For good measure, I also tried starting up a container running a Python container and generating an error with that to see if it was an issue with the Go patterns. I had the same results:

{"log":"Traceback (most recent call last):\r\n","stream":"stdout","time":"2019-09-13T21:53:25.983143026Z"}
{"log":"  File \"\u003cstdin\u003e\", line 1, in \u003cmodule\u003e\r\n","stream":"stdout","time":"2019-09-13T21:53:25.983167688Z"}
{"log":"TypeError: object of type 'NoneType' has no len()\r\n","stream":"stdout","time":"2019-09-13T21:53:25.983561083Z"}
{"log":"\u003e\u003e\u003e with open('test')\u0008\u001b[K\r\n","stream":"stdout","time":"2019-09-13T21:53:35.53158531Z"}
{"log":"KeyboardInterrupt\r\n","stream":"stdout","time":"2019-09-13T21:53:35.531647904Z"}
{"log":"\u003e\u003e\u003e exit9)\r\n","stream":"stdout","time":"2019-09-13T21:53:37.767546882Z"}
{"log":"  File \"\u003cstdin\u003e\", line 1\r\n","stream":"stdout","time":"2019-09-13T21:53:37.767601662Z"}
{"log":"    exit9)\r\n","stream":"stdout","time":"2019-09-13T21:53:37.767612274Z"}
{"log":"         ^\r\n","stream":"stdout","time":"2019-09-13T21:53:37.76762005Z"}
{"log":"SyntaxError: invalid syntax\r\n","stream":"stdout","time":"2019-09-13T21:53:37.767630672Z"}

I'm not sure what I'm doing wrong here, so any guidance (configuration or even just how to debug a fluentd plugin) would be super appreciated! It looks like the plugin is being called though as it removes the raw tag successfully.

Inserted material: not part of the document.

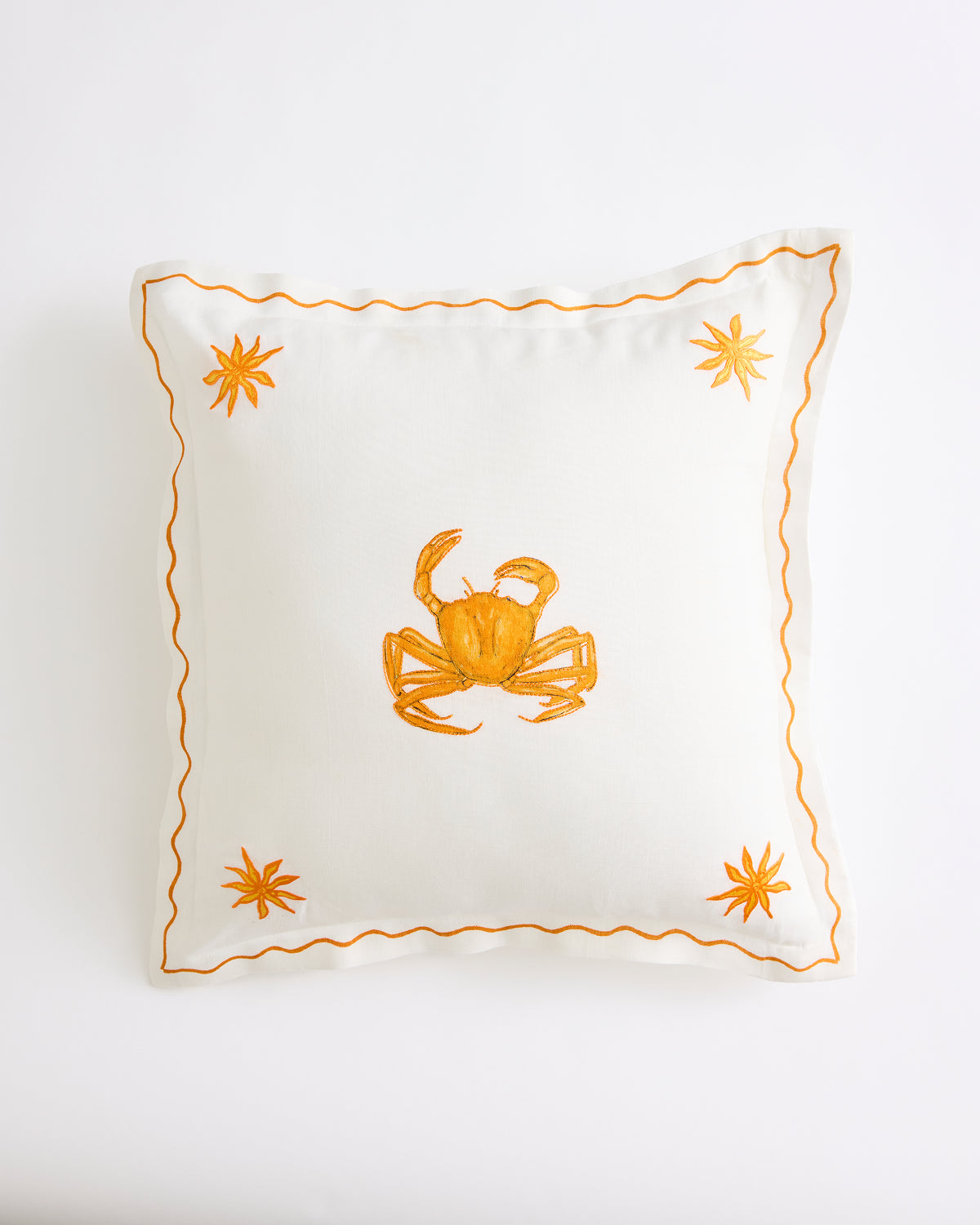 La Sirène 'Crab' 100% French Flax Linen Cushion Cover - Image 2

ddides commented 5 years ago

Was thinking about this a little more and thought it was worth mentioning -- the logs are being forwarded to Elasticsearch ultimately and viewed on Kibana, and that's where I'm seeing that they are individual lines as well.

taraspos commented 4 years ago

@ddides the plugin expects proper Golang panic (exception/crash), which looks like:

panic: runtime error: invalid memory address or nil pointer dereference
[signal SIGSEGV: segmentation violation code=0xffffffff addr=0x0 pc=0xe01da]

goroutine 1 [running]:
main.main()
    /tmp/sandbox382288397/prog.go:10 +0x1a

playground example

you can find the defined pattern here: https://github.com/GoogleCloudPlatform/fluent-plugin-detect-exceptions/blob/master/lib/fluent/plugin/exception_detector.rb#L97-L98

In your case, this is programmatically generated StackTrace debug.PrintStack(), which is not and panic.

igorpeshansky commented 4 years ago

Thanks, @Trane9991! That is absolutely correct. Sounds like WAI.

ddides commented 4 years ago

Thanks for the information! Sorry I missed this response back in March.